Posted by sydney on Jul 7th, 2009
  • 1792: July 7, 1792 – Farmer Hoare’s son shot a hen Wood-chat (Lanius s. senator) or small Butcher-bird as it was washing at Well-head, attended by the cock.  It is a rare bird in these parts.  In it’s craw were insects.
  • 1791: July 7, 1791 – S. Lambeth
    Fine, showers, clouds.
  • 1790: July 7, 1790 – Grasshopper-lark whispers in my outlet.  Turned the cocks of hay.
  • 1788: July 7, 1788 – Mrs White made much Rsp, & curran jams.
  • 1787: July 7, 1787 – Preserved some Duke cherries, very fine fruit.  The pupils of the eyes of animals are diversifyed: in all the birds & fishes I have seen they are round, as in men: but those of horses, & cows, & sheep & goats & I think deer & camels, are oblong from corner to corner of the eye.  The pupils of the domestic cat differ from those of all other quadrupeds; for they are long & narrow, yet capable of great dilation, & standing near at right angles with the opening of the eye-lids.  The eys of wasps are said to be lunated in the shape of a crescent.
  • 1786: July 7, 1786 – Alton 
    Many swifts near Kingston.  Vast rain at Bagshot.  Hops are healthy round Alton, & Selborne.
  • 1784: July 7, 1784 – Vast damage done in various parts of the kingdom by thunder-storms & floods, from Yorkshire all across to Plymouth.
  • 1783: July 7, 1783 – The young cuckow sits upon the nest, which will no longer contain.
  • 1781: July 7, 1781 – Timothy the tortoise, who weighed April 2: after fasting all the winter on six pounds 8 oun. & 3/4: weighs now seven pounds, & one ounce: weighed last august six pounds, & fifteen ounces. From the encreased number of the Swifts, it seems as if they had brought out many of their young. About eight in the evening, Swifts get together in a large party, & course round the environs of the church, as if teaching their broods the art of flying. As yet they do not retire ’til three quarters after 8 o’ the clock; & before they withdraw, the bats come forth: so that day & night animals take each others places in a curious succession! All the swifts that play around the church do not seem to roost under it’s eaves. Some pairs, I know, reside under some of the cottage roofs. Three or four pairs of lapwings hatched their broods this summer on the common: the young, which run long before they can flie, sculk among the fern.

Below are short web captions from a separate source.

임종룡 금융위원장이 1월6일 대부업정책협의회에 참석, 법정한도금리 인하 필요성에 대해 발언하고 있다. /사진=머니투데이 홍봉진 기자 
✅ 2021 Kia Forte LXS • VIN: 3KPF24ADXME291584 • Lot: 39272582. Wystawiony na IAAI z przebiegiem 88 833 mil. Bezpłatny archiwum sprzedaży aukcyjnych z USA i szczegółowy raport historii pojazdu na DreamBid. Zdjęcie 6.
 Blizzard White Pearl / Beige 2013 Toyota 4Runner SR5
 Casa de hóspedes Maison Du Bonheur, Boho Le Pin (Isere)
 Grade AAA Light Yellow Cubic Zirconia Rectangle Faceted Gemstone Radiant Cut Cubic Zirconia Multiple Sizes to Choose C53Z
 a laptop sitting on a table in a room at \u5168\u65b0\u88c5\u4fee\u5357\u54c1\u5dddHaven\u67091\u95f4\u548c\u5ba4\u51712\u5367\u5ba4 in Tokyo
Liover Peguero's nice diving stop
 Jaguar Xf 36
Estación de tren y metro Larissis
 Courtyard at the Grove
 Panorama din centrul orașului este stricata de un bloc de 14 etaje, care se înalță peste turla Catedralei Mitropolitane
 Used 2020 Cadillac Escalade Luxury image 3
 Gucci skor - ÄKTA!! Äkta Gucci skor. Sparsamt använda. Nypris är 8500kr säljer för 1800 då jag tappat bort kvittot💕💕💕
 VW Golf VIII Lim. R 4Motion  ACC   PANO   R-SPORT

The usually affect low, moist situations.
  • 1779: July 7, 1779 – Vipers are big with young.
  • 1777: July 7, 1777 – Winter-like: we are obliged to keep fires.
  • 1774: July 7, 1774 – Bees swarm & sheep are shorn.  My firs did not blow this year.
  • 1773: July 7, 1773 – Cut great part of my great mead.
  • 1772: July 7, 1772 – Watered the ground for planting of annuals.  Watered the garden plentifully.  Planted out a double row of China-asters.
  • 1771: July 7, 1771 – Myriads of frogs, a second brood, migrate from J. Knight’s ponds.
  • 1770: July 7, 1770 – Polygala vulg. in flower.  Mole-cricket churs.